The first term of an AP is -5 and the fifteenth term is double the third term. Find the eleventh term of the progression.
So a= -5 and
a+14d = 2(a+2d)
you know a, so find d then evaluate
a + 10d
To find the eleventh term of the arithmetic progression (AP), we need to determine the common difference and then calculate the term using the formula for the nth term of an AP.

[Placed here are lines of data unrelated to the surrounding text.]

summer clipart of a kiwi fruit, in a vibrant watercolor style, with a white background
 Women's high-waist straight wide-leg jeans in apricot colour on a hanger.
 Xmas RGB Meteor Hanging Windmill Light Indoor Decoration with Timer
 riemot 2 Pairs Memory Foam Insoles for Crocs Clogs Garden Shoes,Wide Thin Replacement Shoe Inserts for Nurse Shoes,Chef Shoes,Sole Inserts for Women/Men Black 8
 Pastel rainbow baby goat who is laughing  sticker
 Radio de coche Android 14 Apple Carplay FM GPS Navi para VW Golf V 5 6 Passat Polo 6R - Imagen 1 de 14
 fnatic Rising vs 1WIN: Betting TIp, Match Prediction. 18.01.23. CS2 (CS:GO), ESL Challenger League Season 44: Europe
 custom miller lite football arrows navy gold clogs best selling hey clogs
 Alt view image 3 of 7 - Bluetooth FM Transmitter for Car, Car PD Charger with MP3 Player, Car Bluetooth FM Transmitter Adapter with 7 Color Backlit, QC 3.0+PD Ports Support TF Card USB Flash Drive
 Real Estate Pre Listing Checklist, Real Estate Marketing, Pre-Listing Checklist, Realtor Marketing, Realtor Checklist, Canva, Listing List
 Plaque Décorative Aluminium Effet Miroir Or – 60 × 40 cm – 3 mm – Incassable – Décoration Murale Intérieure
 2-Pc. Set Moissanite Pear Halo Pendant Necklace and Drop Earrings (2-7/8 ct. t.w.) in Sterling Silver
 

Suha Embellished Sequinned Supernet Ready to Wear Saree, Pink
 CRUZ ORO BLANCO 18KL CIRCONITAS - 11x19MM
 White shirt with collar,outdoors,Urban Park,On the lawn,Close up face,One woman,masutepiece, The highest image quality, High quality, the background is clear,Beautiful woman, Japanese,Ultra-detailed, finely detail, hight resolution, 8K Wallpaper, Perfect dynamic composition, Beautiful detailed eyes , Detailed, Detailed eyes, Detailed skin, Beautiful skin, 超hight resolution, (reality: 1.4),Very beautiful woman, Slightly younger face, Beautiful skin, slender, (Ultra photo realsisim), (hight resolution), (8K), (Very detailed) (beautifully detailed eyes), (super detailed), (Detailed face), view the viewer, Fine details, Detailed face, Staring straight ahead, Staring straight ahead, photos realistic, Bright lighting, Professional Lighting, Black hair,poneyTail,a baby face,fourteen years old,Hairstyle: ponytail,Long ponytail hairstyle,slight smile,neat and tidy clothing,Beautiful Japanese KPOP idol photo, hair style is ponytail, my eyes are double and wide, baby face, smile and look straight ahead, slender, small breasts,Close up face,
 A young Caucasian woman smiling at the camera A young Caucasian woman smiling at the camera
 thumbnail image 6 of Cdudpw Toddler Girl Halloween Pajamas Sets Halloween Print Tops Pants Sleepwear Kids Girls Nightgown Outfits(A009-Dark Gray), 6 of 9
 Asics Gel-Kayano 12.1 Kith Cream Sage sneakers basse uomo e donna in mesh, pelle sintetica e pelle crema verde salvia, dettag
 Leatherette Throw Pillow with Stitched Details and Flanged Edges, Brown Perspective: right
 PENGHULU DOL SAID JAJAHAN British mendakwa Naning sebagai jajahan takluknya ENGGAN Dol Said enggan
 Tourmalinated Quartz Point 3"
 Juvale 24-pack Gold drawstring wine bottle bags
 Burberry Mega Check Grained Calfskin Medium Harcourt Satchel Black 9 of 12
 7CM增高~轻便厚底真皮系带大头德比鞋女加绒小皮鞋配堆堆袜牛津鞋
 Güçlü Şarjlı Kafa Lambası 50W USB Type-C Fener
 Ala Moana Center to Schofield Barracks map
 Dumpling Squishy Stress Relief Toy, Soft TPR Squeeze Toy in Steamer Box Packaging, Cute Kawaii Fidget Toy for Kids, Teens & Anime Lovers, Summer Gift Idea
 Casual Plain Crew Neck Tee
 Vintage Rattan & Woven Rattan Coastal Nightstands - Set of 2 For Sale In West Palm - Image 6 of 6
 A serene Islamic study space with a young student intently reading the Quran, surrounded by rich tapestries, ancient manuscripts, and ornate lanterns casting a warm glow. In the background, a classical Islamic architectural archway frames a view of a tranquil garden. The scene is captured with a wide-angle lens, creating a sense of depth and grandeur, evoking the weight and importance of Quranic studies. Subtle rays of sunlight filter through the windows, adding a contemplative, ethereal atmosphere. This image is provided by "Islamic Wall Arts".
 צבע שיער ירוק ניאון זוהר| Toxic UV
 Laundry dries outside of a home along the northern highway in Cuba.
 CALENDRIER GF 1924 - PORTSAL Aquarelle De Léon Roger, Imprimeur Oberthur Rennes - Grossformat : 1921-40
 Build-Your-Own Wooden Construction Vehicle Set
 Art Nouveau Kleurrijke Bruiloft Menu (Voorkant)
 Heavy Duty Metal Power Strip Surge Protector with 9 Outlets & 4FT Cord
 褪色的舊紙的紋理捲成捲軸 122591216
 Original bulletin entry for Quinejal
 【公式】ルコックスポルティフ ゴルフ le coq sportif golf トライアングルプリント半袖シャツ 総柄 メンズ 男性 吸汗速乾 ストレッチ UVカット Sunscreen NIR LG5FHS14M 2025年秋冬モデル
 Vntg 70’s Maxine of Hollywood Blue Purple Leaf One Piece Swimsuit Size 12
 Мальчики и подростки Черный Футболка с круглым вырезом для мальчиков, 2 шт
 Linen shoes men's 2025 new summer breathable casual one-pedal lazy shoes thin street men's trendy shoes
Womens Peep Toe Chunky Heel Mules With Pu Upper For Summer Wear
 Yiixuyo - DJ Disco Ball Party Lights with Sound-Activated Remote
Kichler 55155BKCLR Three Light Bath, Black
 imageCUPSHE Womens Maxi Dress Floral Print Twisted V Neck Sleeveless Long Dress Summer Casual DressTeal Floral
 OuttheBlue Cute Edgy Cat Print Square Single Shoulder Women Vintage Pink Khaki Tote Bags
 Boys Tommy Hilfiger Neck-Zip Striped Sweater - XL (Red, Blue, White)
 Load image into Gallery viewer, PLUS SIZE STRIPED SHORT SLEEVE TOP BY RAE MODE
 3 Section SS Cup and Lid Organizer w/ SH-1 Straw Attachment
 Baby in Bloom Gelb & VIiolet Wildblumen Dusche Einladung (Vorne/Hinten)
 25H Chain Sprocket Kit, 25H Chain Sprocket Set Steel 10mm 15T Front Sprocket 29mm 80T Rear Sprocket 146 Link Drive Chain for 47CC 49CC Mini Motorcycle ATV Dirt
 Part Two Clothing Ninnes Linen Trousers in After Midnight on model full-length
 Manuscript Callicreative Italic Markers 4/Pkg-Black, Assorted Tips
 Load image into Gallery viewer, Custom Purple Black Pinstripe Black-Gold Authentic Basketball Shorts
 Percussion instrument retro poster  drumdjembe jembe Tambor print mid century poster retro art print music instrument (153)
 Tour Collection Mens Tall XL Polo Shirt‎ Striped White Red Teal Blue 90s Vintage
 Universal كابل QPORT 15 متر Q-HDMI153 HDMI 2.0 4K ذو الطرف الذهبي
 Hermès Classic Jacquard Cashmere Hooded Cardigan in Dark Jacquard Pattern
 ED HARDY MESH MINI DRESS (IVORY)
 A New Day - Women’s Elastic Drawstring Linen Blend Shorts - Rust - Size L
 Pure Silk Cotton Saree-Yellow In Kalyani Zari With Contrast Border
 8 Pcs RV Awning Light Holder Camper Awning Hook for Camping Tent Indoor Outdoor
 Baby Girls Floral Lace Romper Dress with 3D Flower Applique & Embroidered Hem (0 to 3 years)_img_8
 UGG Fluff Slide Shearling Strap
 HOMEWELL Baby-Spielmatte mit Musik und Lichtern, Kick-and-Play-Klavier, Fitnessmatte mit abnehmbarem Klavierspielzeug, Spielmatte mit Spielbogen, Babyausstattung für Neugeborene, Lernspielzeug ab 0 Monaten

Step 1: Find the common difference (d):
We are given that the first term (a₁) is -5 and the fifteenth term (a₁₅) is double the third term (a₃).
a₁₅ = 2 * a₃
Using the formula for the nth term of an AP:
a₁₅ = a₁ + (15 - 1) * d
a₃ = a₁ + (3 - 1) * d
Since a₁₅ = 2 * a₃, we can write:
a₁ + (15 - 1) * d = 2 * (a₁ + (3 - 1) * d)
-5 + 14d = 2 * (-5 + 2d)
Simplifying the equation:
-5 + 14d = -10 + 4d
14d - 4d = -10 + 5
10d = -5
d = -5/10
d = -1/2
So, the common difference (d) is -1/2.
Step 2: Calculate the eleventh term (a₁₁):
We can now use the formula for the nth term of an AP to find the eleventh term (a₁₁):
a₁₁ = a₁ + (11 - 1) * d
a₁₁ = -5 + 10 * (-1/2)
Simplifying the equation:
a₁₁ = -5 - 5
a₁₁ = -10
Therefore, the eleventh term of the arithmetic progression is -10.